-- Input data --
------------------------------------------------------------------------

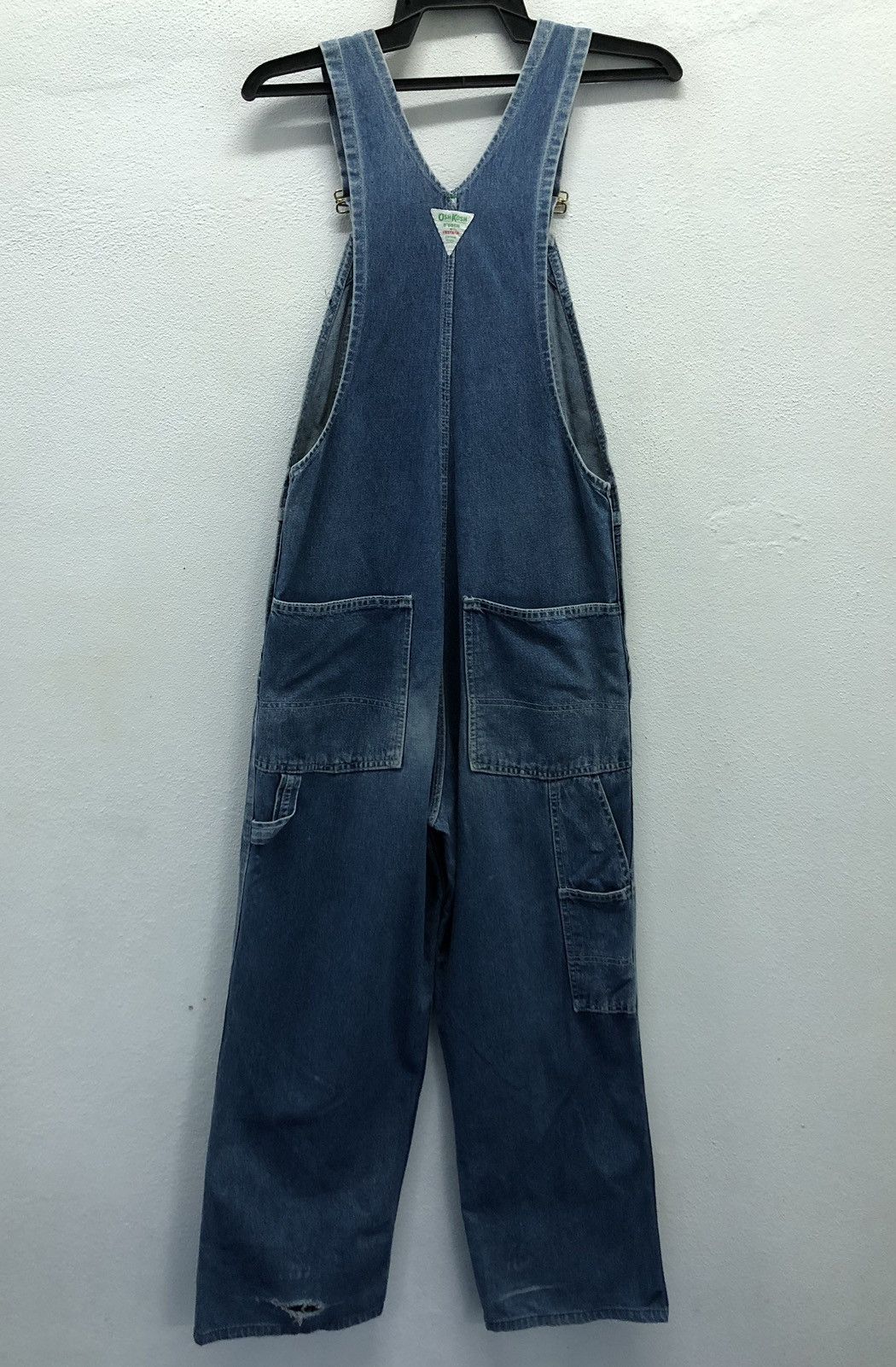 Oshkosh Vintage Union Made Oshkosh B'Gosh Vestbak Made In Usa Overal Size US 33 - 2 Thumbnail
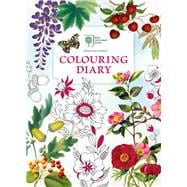 The Royal Horticultural Society Colouring Diary 9781782436416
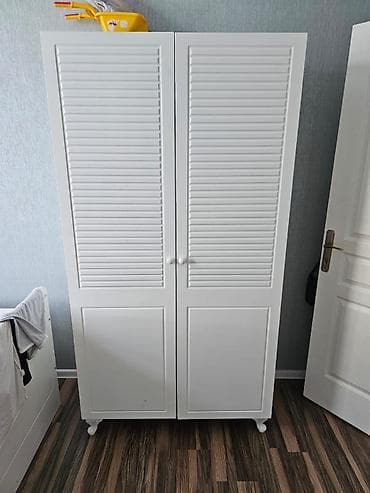 islenmis qapi satiram: Oğlan və qız üçün, İşlənmiş, 2 qapılı, Açılan, Düz dolab — 1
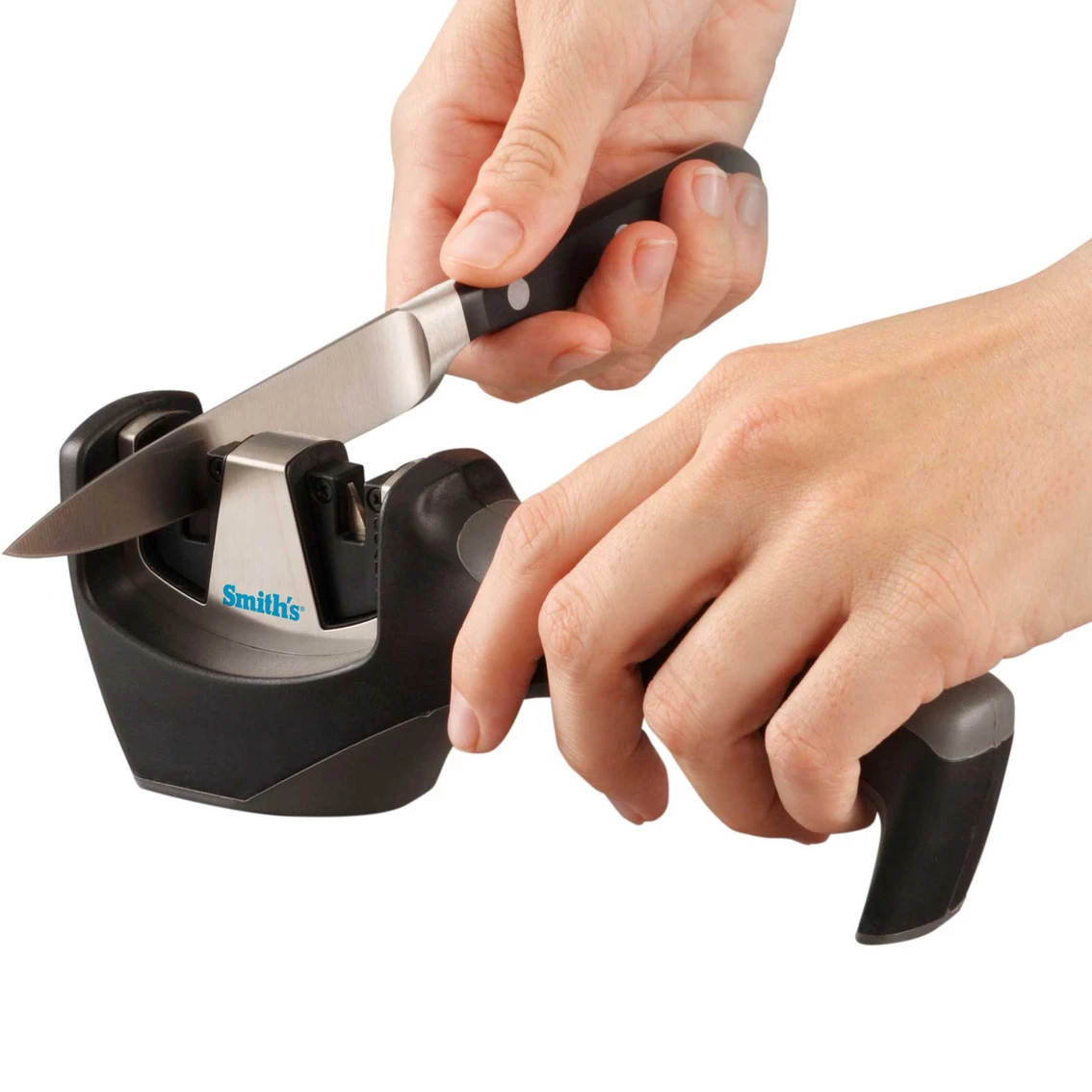 Wholesale ๐ Smiths Consumer Products Inc Smiths Gourmet Pull Thru Carbide And Ceramic Sharpener ๐คฉ - Image 2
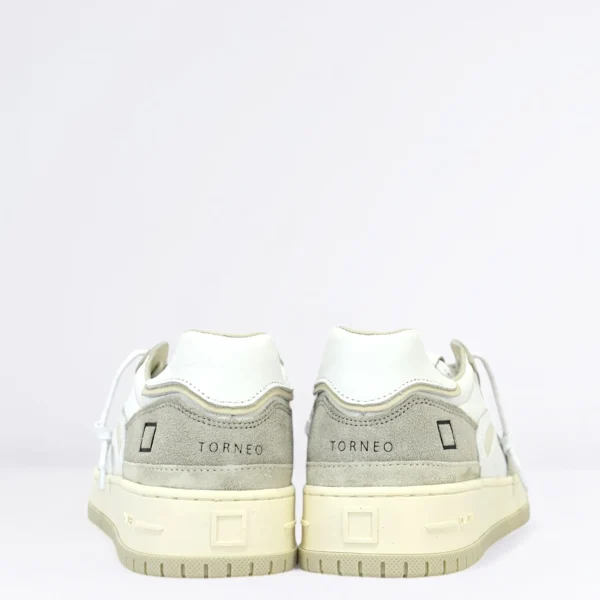 Uomo D.A.T.E. Sneaker Torneo in Pelle Col.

------------------------------------------------------------------------

-- Action item --
Copy all the material word for word, minus its pictures.

-- Answer space --
 Oshkosh Vintage Union Made Oshkosh B'Gosh Vestbak Made In Usa Overal Size US 33 - 2 Thumbnail
 The Royal Horticultural Society Colouring Diary 9781782436416
 islenmis qapi satiram: Oğlan və qız üçün, İşlənmiş, 2 qapılı, Açılan, Düz dolab — 1
 Wholesale ๐ Smiths Consumer Products Inc Smiths Gourmet Pull Thru Carbide And Ceramic Sharpener ๐คฉ - Image 2
 Uomo D.A.T.E. Sneaker Torneo in Pelle Col.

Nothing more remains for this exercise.